__TASK TO COMPLETE__.
Since only part of the material below is wanted, output exactly the lines from the one with "Defender - USB kábel" up to and including the one with "Tie Rod End MONROE L28G00".

= Beginning of Section =

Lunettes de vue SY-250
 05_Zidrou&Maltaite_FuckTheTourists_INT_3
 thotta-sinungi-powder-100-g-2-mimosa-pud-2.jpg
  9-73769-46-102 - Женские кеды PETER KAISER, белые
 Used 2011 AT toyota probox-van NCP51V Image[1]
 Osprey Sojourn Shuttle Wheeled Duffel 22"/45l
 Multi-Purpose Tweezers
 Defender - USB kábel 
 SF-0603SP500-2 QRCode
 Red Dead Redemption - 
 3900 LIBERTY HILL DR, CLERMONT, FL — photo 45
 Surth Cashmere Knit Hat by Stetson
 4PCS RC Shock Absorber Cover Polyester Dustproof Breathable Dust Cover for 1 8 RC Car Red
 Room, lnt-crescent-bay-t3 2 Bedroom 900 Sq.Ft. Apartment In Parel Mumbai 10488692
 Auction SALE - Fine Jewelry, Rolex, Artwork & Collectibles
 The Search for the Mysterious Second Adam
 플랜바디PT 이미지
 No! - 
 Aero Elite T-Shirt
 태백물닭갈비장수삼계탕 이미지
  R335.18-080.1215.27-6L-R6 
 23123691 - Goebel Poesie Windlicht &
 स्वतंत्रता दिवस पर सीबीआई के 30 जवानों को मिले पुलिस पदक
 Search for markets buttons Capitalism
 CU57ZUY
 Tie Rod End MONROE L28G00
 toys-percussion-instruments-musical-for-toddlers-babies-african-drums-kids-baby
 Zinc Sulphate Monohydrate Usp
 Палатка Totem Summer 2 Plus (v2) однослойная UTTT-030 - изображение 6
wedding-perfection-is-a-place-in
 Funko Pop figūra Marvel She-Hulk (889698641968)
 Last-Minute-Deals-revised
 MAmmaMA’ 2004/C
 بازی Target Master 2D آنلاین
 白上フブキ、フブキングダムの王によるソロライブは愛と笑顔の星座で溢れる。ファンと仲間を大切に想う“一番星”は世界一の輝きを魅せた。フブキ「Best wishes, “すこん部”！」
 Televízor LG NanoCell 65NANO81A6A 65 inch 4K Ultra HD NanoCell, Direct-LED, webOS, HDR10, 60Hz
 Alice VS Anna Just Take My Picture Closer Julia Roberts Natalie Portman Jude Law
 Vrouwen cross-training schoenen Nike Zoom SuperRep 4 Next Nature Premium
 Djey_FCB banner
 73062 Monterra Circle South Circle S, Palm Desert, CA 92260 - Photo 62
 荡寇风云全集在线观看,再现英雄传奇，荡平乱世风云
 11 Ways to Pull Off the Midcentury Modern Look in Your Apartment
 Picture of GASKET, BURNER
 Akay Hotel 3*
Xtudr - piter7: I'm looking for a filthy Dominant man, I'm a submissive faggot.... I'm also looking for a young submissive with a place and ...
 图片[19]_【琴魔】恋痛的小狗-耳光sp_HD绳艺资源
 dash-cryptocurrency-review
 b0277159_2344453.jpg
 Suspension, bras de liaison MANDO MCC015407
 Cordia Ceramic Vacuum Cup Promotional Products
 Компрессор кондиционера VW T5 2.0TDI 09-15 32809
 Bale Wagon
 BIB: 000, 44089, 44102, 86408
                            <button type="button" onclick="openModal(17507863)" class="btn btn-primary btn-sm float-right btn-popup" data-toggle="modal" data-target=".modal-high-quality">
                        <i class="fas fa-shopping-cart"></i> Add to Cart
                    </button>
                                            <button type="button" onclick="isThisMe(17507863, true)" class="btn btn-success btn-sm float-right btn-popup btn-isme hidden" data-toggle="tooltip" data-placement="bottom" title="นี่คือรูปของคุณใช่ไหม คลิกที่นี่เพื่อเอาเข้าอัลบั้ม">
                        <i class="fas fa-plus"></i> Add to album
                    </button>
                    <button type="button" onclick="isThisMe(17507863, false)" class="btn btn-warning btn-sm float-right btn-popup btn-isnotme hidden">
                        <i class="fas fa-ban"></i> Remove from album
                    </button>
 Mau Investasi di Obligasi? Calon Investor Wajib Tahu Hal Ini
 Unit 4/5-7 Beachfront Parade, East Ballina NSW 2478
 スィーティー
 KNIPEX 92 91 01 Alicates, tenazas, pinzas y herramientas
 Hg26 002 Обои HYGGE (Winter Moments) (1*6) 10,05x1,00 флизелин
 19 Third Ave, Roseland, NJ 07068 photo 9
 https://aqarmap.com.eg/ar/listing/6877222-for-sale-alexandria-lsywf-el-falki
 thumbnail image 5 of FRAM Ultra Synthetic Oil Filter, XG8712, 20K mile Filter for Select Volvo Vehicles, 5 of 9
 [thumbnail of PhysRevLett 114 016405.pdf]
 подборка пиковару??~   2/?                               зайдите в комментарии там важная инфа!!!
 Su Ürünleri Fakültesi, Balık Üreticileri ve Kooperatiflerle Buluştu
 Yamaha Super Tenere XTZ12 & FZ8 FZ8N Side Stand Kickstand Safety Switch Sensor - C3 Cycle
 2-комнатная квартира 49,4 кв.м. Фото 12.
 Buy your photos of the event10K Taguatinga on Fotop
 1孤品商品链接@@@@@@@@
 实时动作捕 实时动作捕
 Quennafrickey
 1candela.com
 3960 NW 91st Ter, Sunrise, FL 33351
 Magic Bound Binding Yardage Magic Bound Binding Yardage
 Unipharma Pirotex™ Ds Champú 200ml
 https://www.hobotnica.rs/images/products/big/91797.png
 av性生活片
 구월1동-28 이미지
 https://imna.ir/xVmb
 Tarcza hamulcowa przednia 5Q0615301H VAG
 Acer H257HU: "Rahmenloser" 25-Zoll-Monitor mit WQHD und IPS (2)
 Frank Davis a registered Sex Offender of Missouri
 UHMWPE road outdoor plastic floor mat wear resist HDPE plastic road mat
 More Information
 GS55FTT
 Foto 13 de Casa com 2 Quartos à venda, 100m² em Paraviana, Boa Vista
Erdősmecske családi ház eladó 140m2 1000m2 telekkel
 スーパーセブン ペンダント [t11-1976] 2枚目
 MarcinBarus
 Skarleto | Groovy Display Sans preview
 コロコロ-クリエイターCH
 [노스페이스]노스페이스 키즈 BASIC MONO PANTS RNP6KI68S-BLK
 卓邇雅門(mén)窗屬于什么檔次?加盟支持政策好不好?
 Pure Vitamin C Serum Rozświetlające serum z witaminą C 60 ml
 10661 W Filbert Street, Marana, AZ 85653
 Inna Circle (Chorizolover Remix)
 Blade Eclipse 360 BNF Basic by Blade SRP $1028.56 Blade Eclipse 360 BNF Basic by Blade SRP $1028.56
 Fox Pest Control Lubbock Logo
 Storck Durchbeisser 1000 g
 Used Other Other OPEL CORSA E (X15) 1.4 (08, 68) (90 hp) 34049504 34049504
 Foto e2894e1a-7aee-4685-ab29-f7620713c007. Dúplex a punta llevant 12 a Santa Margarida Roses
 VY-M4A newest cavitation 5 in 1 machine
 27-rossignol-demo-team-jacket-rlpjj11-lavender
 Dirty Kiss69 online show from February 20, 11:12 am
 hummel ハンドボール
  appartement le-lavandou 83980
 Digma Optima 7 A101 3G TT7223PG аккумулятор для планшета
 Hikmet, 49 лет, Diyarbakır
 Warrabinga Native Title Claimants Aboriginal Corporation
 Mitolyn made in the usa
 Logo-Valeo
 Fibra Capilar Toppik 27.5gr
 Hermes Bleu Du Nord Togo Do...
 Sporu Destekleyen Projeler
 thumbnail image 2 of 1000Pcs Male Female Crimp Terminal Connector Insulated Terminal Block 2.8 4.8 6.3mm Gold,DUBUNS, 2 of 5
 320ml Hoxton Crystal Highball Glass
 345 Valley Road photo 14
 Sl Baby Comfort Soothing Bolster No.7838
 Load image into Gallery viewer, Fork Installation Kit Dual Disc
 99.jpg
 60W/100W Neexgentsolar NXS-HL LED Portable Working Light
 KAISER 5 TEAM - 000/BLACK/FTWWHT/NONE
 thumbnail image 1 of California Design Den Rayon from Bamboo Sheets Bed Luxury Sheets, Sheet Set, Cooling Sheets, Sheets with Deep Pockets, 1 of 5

= End of Section =

__TASK ANSWER__.
 Defender - USB kábel 
 SF-0603SP500-2 QRCode
 Red Dead Redemption - 
 3900 LIBERTY HILL DR, CLERMONT, FL — photo 45
 Surth Cashmere Knit Hat by Stetson
 4PCS RC Shock Absorber Cover Polyester Dustproof Breathable Dust Cover for 1 8 RC Car Red
 Room, lnt-crescent-bay-t3 2 Bedroom 900 Sq.Ft. Apartment In Parel Mumbai 10488692
 Auction SALE - Fine Jewelry, Rolex, Artwork & Collectibles
 The Search for the Mysterious Second Adam
 플랜바디PT 이미지
 No! - 
 Aero Elite T-Shirt
 태백물닭갈비장수삼계탕 이미지
  R335.18-080.1215.27-6L-R6 
 23123691 - Goebel Poesie Windlicht &
 स्वतंत्रता दिवस पर सीबीआई के 30 जवानों को मिले पुलिस पदक
 Search for markets buttons Capitalism
 CU57ZUY
 Tie Rod End MONROE L28G00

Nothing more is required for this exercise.